LISTED ENTRIES Start Marker
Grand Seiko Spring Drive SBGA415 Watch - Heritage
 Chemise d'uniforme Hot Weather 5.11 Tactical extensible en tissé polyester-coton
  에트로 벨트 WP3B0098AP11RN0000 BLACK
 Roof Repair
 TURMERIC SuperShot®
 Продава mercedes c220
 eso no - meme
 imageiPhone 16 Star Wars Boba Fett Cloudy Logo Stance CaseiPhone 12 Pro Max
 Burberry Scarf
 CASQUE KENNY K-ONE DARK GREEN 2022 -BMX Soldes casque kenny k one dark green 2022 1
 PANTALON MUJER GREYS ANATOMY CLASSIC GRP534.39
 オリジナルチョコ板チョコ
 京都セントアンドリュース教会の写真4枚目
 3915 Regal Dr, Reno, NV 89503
LISTED ENTRIES End Marker
__WORK REQUEST__
Set down every record above exactly as written.

__ANSWER SECTION__
Grand Seiko Spring Drive SBGA415 Watch - Heritage
 Chemise d'uniforme Hot Weather 5.11 Tactical extensible en tissé polyester-coton
  에트로 벨트 WP3B0098AP11RN0000 BLACK
 Roof Repair
 TURMERIC SuperShot®
 Продава mercedes c220
 eso no - meme
 imageiPhone 16 Star Wars Boba Fett Cloudy Logo Stance CaseiPhone 12 Pro Max
 Burberry Scarf
 CASQUE KENNY K-ONE DARK GREEN 2022 -BMX Soldes casque kenny k one dark green 2022 1
 PANTALON MUJER GREYS ANATOMY CLASSIC GRP534.39
 オリジナルチョコ板チョコ
 京都セントアンドリュース教会の写真4枚目
 3915 Regal Dr, Reno, NV 89503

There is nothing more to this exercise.